Pietrate contro un gabbiano

Gabbiano

[image:8571:r:s=1]Una volta sulle spiagge c’erano i ragazzini che si divertivano a costruire castelli di sabbia. Non che adesso non ce ne siano più, ma ormai la tecnologia ludica è riuscita a ritagliarsi il predominio anche sui bagnasciuga. Così le consolle portatili hanno sostituito paletta e secchiello.

Fin qui niente di male, forse. L’utilizzo dei videogiochi, se non improprio, può essere educativo. Tutto sta a verificare che non distolga il giovanissimo dal senso della realtà, catapultandolo in un mondo dove il significato del dolore scompare dietro una raffica di bit.

Un esempio di come certi ragazzi possano essere irrazionalmente capaci di infliggere sofferenza, quasi fossero in una dimensione “virtuale”, ce lo fornisce un recente episodio, accaduto sulla spiaggia libera di corso Vittorio Veneto, a Savona. Qui un gruppo di ragazzini terribili ha bersagliato un giovane gabbiano con un lancio di pietre.

Il volatile è precipitato in acqua con un’ala quasi staccata.
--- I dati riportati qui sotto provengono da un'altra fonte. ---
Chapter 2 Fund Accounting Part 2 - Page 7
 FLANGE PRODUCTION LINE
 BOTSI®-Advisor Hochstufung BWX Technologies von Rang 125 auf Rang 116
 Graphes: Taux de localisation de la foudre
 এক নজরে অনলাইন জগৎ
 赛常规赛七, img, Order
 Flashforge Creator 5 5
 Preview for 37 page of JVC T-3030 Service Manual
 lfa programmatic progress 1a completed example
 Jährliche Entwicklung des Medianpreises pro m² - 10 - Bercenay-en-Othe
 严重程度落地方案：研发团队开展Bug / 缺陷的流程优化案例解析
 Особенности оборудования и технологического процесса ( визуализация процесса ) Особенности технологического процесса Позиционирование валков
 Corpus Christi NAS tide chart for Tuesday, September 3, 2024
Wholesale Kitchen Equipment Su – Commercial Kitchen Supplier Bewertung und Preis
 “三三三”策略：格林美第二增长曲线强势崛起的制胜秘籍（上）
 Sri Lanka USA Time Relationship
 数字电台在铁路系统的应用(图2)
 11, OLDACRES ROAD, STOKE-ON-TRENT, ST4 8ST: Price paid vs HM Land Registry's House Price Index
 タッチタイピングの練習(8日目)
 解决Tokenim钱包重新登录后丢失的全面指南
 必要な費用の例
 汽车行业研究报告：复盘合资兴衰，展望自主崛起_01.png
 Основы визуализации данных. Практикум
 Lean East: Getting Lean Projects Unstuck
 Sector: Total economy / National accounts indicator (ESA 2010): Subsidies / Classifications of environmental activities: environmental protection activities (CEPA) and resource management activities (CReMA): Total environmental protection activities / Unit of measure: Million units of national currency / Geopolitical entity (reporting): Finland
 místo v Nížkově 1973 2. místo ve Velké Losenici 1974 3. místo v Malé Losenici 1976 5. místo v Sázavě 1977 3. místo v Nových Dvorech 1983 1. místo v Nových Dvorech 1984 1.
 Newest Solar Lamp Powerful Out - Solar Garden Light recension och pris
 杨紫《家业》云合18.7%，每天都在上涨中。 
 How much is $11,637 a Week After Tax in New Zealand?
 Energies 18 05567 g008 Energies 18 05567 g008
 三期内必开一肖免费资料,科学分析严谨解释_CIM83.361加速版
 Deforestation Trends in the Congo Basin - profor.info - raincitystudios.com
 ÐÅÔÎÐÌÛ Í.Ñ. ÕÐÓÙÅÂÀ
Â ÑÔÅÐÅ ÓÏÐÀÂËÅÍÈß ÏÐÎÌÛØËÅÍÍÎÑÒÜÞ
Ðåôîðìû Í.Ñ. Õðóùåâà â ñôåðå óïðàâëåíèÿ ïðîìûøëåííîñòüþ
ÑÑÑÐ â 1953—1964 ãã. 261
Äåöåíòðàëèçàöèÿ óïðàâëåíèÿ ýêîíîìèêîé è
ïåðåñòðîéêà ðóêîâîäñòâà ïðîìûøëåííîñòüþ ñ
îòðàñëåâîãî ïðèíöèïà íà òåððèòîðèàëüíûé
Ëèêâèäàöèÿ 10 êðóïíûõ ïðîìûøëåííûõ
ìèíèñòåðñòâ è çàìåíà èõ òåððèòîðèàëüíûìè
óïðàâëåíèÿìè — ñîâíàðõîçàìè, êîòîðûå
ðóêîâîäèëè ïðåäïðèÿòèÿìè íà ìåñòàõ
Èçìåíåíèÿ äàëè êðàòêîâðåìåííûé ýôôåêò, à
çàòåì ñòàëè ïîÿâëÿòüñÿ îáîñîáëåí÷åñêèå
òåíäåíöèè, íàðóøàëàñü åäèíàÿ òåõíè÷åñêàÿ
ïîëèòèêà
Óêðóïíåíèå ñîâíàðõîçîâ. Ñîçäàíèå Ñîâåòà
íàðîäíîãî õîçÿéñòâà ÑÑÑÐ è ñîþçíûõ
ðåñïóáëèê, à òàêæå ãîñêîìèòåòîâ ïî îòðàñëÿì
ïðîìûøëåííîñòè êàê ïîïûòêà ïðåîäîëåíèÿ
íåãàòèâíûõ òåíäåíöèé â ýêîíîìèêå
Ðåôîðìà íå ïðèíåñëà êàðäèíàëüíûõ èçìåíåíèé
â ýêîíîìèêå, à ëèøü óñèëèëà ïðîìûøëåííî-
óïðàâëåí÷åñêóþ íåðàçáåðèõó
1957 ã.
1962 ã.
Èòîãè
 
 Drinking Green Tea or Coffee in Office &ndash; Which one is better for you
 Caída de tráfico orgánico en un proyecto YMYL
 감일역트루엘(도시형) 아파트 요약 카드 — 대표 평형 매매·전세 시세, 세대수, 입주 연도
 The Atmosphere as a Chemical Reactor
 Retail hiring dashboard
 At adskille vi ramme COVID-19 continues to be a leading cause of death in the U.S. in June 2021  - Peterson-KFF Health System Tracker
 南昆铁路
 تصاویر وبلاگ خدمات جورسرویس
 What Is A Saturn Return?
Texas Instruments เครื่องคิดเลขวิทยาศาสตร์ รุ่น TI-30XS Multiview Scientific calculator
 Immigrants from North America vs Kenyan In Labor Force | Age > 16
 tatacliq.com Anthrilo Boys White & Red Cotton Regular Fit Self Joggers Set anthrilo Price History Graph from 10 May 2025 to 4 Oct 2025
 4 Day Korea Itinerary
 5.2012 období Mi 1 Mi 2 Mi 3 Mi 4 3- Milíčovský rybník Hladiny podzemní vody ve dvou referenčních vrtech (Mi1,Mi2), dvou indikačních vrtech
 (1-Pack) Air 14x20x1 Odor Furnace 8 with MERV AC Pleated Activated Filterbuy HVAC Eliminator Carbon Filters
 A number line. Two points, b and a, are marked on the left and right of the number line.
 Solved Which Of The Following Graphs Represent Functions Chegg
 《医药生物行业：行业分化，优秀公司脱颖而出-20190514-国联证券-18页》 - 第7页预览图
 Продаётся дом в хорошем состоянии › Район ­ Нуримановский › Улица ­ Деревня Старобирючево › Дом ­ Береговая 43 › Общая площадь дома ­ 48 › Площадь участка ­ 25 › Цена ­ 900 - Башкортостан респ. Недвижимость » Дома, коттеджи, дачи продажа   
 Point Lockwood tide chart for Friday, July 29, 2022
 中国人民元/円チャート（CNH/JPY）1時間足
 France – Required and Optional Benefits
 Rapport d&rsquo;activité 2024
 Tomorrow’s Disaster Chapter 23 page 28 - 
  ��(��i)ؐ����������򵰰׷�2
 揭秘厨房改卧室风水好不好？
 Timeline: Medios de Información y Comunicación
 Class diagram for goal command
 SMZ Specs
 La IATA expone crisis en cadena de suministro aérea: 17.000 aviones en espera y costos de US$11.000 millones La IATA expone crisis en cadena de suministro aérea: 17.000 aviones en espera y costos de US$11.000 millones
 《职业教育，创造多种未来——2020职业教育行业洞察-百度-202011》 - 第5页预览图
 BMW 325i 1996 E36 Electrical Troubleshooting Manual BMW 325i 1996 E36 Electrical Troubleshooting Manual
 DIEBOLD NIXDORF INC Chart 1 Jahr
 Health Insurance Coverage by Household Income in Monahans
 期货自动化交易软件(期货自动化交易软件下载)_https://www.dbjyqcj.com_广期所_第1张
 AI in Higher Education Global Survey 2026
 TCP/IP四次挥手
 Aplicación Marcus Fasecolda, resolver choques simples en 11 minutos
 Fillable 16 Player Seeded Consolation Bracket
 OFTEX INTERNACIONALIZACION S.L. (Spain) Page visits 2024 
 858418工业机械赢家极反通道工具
Recuperato dai volontari della Protezione Animali, è stato trasportato dal veterinario che, malgrado l’immediato intervento chirurgico, è stato costretto ad amputargli l’arto.

Per sottolineare l’impegno dell’Enpa, Mario Caccamo, di Ceriale, mi scrive: “A parte la Protezione Animali, che si impegna in ogni modo a loro favore, dei gabbiani della nostra costa non gliene frega niente a nessuno. Lo dimostra quanto accaduto qualche giorno fa a Laigueglia: due turiste che assistevano un gabbiano in difficoltà lungo la ferrovia hanno atteso invano che qualche incaricato dell’Ambito di Caccia di Albenga lo soccorresse. Meno male che l’animale si è ripreso da solo ed è poi volato via”.

Torniamo al caso della spiaggia savonese. Adolescenti e bambini hanno un rapporto complesso con il mondo animale: di empatia, si sa, e qualche volta di crudeltà. Ma il fatto avvenuto sull’arenile savonese denota un’irresponsabilità che desta stupore, così come desta preoccupazione la mancanza di sensibilità verso un animale che, proprio per archetipo, è il simbolo del volo libero.

Quei ragazzini hanno condannato il gabbiano ad una vita senza libertà. Lo hanno privato degli spazi aperti, del mare spumeggiante, del sole e di quanto altro tritamente poetico, ma vivo, lo avrebbe accompagnato per i suoi giorni sull’acqua e sulla terra.

C’è da chiedersi quanto sia insondabile la distanza fra reale e virtuale. Quanti ragazzi hanno visto, in vita loro, un maiale che non sia sotto forma di prosciutto o di salame? Quanti un pollo vivo o una mucca? I più giovani, nella stragrande maggioranza, hanno contatti con gli animali (o meglio, con parti di essi) solo attraverso i banchi del supermercato: è plausibile che crescano con l’idea che non si tratti di creature capaci di soffrire.

Questo forse non accadrebbe se vi fossero percorsi educativi, per ogni ordine e grado di scuola, per far conoscere ai ragazzi la vita degli animali, un po’ come le fattorie urbane del nord Europa, per realizzare un miglior legame tra mondo rurale e urbano e tra campagna e città, binomio sempre più divaricato. O se si moltiplicassero le iniziative degli “orti didattici”, come quello che a maggio a Garlenda ha radunato oltre mille bambini.

Qualche ragazzino, poi, dovrebbe leggere “Il gabbiano Jonathan Livingston” di Richard Bach, magari sotto l’ombrellone. Anche qualche adulto potrebbe leggerlo. E’ breve e, tanto per essere in tema di tecnologia applicata alla mobilità, può essere contenuto in uno smartphone. Parla di un gabbiano anticonformista e del suo amore per la libertà di volare.